The Boer War C.B. group of three to Major-General W. F. Stevenson, Royal Army Medical Corps, Honorary Surgeon to the King

The Most Honourable Order of The Bath, C.B. (Military) Companion’s breast badge, silver-gilt and enamel, swivel ring and straight bar suspension, with silver-gilt buckle on ribbon; Queen’s South Africa 1899-1902, 5 clasps, Cape Colony, Paardeberg, Driefontein, Johannesburg, Belfast (Colonel, C.B., R.A.M.C.); Coronation 1911, unnamed, nearly extremely fine (3) £800-1000

Wiiliam Flack Stevenson was born in Dublin on 29 May 1844. Educated at Dublin University he gained the B.A., M.B. and M.Ch.
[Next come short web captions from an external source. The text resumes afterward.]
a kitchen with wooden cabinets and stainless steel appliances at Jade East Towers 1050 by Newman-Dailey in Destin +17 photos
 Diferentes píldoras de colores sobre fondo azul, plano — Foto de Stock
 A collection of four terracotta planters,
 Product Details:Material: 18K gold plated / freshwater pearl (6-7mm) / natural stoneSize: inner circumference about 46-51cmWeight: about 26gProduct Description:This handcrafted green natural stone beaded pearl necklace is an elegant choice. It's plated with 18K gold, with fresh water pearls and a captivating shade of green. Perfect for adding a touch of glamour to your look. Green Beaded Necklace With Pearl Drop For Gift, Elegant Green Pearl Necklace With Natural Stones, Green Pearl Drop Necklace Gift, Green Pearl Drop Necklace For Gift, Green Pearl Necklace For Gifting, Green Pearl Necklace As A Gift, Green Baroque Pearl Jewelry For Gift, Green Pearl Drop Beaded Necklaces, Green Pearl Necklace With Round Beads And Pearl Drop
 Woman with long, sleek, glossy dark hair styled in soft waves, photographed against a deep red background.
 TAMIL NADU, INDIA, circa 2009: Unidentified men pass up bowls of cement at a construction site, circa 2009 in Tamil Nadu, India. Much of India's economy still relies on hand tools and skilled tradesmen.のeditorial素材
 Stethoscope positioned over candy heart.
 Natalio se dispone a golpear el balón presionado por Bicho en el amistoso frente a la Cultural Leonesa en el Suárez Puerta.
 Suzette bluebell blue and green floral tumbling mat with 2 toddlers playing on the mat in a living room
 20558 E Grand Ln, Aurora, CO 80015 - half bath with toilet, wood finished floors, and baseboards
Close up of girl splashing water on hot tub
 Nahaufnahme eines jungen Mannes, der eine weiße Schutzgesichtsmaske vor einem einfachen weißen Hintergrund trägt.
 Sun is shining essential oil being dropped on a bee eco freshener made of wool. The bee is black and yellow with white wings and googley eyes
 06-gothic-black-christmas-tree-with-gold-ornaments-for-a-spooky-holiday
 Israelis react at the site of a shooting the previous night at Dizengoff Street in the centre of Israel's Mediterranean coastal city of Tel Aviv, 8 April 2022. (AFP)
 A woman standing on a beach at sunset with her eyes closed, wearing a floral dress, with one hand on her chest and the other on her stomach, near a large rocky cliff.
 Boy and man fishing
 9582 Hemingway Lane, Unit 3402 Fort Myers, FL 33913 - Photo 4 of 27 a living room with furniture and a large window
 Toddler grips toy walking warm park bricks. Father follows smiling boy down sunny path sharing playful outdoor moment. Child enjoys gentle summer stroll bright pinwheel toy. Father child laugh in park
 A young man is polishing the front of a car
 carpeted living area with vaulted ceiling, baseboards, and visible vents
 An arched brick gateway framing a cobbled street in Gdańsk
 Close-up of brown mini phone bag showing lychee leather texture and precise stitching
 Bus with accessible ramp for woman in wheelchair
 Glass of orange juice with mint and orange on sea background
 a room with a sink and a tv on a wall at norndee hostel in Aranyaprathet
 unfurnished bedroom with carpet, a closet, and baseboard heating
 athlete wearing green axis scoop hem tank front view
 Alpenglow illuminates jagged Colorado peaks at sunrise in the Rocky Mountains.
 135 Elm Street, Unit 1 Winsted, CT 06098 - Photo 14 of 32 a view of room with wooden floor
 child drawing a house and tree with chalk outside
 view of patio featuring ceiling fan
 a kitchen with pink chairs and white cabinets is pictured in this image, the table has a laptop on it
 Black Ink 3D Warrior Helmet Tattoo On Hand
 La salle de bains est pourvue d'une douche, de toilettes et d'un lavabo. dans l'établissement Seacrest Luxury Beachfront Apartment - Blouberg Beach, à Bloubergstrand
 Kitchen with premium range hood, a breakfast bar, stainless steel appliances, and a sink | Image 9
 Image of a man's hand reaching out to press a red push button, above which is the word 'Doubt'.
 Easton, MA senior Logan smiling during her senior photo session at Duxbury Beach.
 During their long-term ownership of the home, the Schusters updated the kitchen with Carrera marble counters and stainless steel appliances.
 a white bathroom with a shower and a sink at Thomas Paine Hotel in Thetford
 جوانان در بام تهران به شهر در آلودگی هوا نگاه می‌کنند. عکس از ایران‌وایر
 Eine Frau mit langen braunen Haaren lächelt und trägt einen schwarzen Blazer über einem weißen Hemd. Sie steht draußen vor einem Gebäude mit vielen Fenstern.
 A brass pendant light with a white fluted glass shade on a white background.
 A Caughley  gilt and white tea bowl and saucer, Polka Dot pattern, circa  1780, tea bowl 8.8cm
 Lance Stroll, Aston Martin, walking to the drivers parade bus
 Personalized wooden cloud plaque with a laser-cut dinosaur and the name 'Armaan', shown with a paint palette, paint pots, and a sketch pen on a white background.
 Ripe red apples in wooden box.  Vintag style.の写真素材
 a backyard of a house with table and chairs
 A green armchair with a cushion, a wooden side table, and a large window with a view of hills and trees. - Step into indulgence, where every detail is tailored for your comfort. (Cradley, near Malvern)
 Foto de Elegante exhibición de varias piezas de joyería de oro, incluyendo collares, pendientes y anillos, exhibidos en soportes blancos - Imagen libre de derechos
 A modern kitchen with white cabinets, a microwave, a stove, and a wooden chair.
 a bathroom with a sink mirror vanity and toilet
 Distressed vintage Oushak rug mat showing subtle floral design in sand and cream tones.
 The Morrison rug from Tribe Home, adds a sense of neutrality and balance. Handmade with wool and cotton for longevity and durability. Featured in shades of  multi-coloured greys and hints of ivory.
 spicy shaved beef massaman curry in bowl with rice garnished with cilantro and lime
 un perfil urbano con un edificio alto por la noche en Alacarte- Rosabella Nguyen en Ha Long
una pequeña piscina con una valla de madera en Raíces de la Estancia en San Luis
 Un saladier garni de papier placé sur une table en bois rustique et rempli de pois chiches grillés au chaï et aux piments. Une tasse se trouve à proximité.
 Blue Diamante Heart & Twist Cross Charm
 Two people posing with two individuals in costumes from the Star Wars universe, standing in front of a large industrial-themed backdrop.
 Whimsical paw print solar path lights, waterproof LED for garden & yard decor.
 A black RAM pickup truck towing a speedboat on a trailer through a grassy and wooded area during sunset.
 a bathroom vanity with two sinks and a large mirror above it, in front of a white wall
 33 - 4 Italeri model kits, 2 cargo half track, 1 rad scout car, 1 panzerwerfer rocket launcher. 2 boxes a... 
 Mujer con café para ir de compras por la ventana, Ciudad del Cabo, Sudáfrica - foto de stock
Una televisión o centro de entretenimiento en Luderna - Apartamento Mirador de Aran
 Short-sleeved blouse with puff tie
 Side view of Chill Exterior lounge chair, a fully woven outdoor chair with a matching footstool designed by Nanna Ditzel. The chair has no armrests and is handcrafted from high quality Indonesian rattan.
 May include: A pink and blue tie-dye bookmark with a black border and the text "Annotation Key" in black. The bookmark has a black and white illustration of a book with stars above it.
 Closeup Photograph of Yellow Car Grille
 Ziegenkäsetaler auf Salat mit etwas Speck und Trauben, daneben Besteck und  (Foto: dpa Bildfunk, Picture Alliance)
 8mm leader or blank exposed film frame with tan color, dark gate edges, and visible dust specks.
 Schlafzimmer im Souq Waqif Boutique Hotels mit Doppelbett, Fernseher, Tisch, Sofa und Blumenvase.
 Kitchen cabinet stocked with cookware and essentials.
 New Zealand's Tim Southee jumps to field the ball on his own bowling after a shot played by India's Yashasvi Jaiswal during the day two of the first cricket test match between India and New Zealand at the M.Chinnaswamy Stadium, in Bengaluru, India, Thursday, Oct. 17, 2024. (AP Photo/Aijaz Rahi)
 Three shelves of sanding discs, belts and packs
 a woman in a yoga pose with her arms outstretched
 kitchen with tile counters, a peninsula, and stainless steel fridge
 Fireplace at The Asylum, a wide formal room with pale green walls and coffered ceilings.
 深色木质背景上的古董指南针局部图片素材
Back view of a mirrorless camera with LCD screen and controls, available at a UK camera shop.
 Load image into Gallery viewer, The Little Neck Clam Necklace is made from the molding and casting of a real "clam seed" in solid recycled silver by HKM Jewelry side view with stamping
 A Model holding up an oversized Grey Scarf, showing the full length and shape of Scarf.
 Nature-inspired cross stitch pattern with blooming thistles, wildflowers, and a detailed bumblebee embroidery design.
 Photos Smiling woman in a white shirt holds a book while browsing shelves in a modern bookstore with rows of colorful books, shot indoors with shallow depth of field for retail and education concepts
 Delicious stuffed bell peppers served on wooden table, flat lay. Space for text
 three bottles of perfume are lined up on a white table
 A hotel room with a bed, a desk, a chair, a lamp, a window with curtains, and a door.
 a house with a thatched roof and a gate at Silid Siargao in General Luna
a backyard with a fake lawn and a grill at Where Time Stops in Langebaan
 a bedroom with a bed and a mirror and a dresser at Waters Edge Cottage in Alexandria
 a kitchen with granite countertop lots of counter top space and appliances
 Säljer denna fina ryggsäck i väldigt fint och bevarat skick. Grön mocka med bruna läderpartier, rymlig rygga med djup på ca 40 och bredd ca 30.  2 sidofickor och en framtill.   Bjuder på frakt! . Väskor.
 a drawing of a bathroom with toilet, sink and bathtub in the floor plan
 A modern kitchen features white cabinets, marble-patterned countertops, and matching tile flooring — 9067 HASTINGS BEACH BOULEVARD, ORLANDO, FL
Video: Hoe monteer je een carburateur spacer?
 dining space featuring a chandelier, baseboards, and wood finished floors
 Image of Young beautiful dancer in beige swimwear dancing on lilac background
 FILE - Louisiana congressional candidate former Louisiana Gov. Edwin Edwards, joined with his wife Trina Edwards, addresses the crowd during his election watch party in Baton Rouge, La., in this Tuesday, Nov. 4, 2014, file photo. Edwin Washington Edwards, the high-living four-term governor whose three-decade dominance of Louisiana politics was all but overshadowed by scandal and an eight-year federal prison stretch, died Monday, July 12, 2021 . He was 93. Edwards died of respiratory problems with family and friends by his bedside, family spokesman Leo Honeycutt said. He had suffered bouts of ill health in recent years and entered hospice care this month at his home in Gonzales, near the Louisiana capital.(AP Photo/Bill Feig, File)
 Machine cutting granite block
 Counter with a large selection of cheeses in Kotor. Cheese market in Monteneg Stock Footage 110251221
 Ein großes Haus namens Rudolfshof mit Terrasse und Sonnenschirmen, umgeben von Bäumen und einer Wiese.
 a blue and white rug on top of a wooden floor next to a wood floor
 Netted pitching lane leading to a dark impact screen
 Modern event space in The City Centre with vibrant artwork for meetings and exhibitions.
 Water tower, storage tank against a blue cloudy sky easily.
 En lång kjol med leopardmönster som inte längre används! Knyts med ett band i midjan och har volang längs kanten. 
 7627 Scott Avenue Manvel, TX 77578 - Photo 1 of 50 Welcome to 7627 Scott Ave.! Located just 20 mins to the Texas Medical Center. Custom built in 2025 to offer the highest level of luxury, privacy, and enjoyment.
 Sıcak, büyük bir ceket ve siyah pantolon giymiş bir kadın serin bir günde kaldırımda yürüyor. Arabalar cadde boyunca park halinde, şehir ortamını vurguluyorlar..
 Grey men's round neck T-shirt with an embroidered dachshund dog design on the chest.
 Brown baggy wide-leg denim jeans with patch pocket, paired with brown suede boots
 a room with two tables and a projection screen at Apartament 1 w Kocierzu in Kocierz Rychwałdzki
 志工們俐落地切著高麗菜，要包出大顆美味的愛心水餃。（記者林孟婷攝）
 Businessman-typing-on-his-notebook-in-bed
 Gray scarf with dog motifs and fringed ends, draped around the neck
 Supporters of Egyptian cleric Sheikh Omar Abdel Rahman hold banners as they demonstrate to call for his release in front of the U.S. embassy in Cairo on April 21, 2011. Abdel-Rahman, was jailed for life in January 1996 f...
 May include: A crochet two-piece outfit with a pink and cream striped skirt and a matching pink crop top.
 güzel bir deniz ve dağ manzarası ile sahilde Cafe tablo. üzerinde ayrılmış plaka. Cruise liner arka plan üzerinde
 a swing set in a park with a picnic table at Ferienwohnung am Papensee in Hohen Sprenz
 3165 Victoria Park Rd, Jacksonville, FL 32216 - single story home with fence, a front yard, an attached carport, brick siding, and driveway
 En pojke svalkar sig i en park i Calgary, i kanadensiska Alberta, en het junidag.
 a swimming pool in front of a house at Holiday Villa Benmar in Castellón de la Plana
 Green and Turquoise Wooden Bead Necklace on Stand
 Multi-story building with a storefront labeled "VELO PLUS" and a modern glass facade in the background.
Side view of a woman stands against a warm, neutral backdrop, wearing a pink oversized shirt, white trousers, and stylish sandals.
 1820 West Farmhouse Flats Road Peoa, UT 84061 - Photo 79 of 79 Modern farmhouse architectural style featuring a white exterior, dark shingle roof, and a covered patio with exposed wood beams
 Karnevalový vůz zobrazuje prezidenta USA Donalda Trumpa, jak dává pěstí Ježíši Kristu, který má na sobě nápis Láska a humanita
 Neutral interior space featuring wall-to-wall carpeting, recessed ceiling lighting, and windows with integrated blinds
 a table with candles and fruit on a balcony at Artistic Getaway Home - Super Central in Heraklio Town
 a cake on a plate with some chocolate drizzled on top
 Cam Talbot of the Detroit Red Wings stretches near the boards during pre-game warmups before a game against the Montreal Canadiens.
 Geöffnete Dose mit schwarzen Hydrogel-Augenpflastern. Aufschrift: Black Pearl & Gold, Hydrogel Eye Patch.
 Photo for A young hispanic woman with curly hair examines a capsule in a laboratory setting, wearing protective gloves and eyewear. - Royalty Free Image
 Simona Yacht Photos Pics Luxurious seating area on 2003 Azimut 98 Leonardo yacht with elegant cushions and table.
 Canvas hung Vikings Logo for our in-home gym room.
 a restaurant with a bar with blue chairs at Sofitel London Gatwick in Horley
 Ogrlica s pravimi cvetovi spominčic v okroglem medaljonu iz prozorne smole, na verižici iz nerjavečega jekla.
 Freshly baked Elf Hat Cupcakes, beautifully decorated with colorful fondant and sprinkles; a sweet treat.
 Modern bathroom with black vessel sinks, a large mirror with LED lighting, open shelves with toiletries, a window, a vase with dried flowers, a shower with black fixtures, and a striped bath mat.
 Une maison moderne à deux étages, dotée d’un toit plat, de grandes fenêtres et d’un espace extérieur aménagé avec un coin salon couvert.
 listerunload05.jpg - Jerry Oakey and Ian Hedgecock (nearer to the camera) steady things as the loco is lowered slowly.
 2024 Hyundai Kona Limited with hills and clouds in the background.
In March 1866 he entered the Army Medical Service as an Assistant Surgeon on the Staff and with the Royal Artillery. He was promoted to Surgeon, March 1876, Surgeon-Major, March 1878, Surgeon Lieutenant-Colonel, March 1886 and Brigade Surgeon Lieutenant-Colonel, August 1892 - during which time he served in the West Indies and India. During 1890-92 he was employed as an Assistant Professor of Medicine at the Army Medical School, Netley and was Professor of Clinical and Military Surgery there during 1892-95. Stevenson was promoted to Surgeon Colonel in July 1896. In South Africa he held the temporary rank of Surgeon-General whilst P.M.O., Lines of Communication, 12 November 1899-5 February 1900; the temporary and local rank of Surgeon-General whilst P.M.O., Army H.Q., South Africa, 4 May 1900; temporary rank of Surgeon-General whilst employed at the Royal Army Medical College, 14 January 1903 and honorary rank of Surgeon-General, 16 July 1913. For his services in the Boer War he was mentioned in despatches (London Gazette 8 February 1901) and created a Companion of the Order of the Bath. In 1905 he was appointed Honorary Surgeon to King Edward VII. The author of Wounds in War, the Mechanism of their Production and their Treatment, 1910. He was re-employed in the Great War and died on 7 July 1922.